● **Work required**: Word for word, copy the line containing "Merginos Hanfu medvilnės" and every line after it in the records below, leaving pictures out.

● **Available data**:
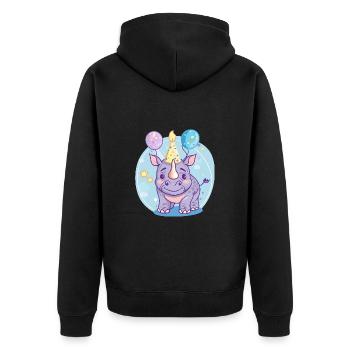 Bande dessinée d’anniversaire de rhinocéros - Veste à capuche bio Premium Unisexe - noir - Dos - Nico (187cm)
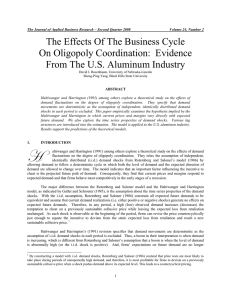The Effects Of The Business Cycle On Oligopoly Coordination:  Evidence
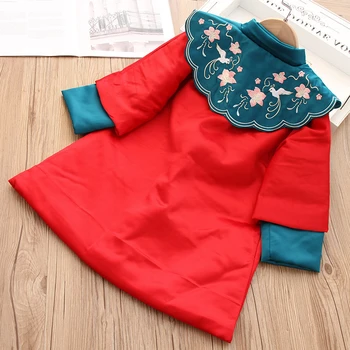 Merginos Hanfu medvilnės kamšalu striukė Kinų stiliaus rudens ir žiemos drabužių Naujųjų Metų drabužių vaikams, Tango kostiumas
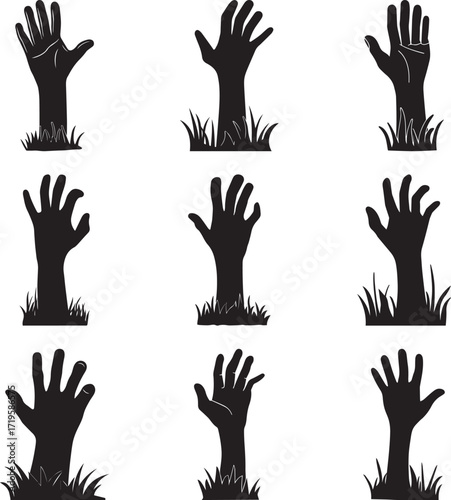 A collection of Black hand emerging from grass, black and white silhouette vector illustration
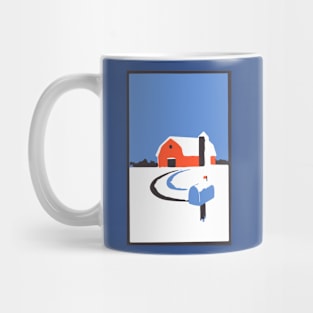 Snowy American Farm Mug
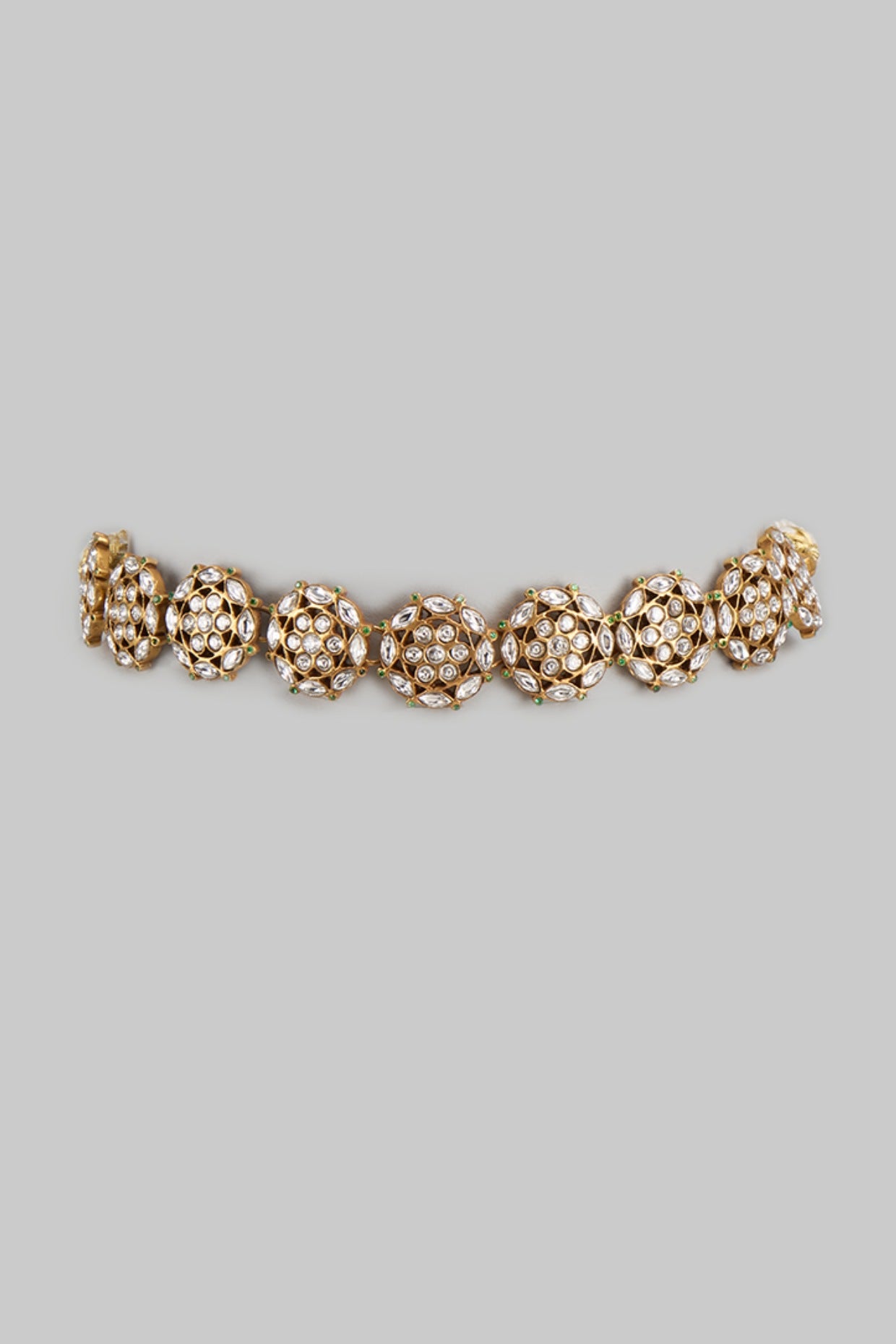 Gold Plated Kundan Polki & Jadau Stone Choker Necklace In Sterling Silver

● **Exercise answer**:
 Merginos Hanfu medvilnės kamšalu striukė Kinų stiliaus rudens ir žiemos drabužių Naujųjų Metų drabužių vaikams, Tango kostiumas
 A collection of Black hand emerging from grass, black and white silhouette vector illustration
 Snowy American Farm Mug
 Gold Plated Kundan Polki & Jadau Stone Choker Necklace In Sterling Silver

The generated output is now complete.